By entering a human cell, the “SARS-CoV-2” virus must bind its elevated protein to “ACE2” receptors on its surface. But you can send a taste molecule of the same shape to the virus, and it will attach to it, and then, it will fall into a trap, and will not be able to reproduce.
For their part, American scientists from the Center for Biotechnology and Interdisciplinary Research at the “Rensselaer Polytechnic Institute”, tested a similar method to neutralize dengue, zika and influenza A. Now, with colleagues from the Korea Institute for Biological Science and Biotechnology Research, they decided to test this approach on the virus New coronary.

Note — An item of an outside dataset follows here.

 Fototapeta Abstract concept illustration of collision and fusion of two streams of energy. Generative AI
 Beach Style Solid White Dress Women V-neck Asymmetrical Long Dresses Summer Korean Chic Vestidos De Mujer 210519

“We are learning to prevent viral infections. We need this knowledge if we are to respond to epidemics quickly,” Ronsselaer Polytechnic Research Institute confirmed in a press release. We do not have good antivirals. To protect ourselves from future epidemics, we need an arsenal of methods that enable us to quickly adapt to emerging viruses. ”
Looking at the SARS-CoV-2 sequence data study, researchers have discovered, in the structure of the virus protein, molecules that are compatible with heparin, one of the known anticoagulants.
Scientists also tested the antiviral activity of organic materials extracted from seaweed – three types of heparin and two types of fucoidan. All five compounds are long chains of sugar molecules known as heterogeneous sugars.
The seaweed extract also significantly exceeded remicidiver, in cellular studies, a modern drug for coronavirus, in the antiviral effect. Heparin, the widely used blood thinner, played a major role in inhibiting infection. The test did not show any cellular toxicity for any of the compounds, even at the highest concentrations.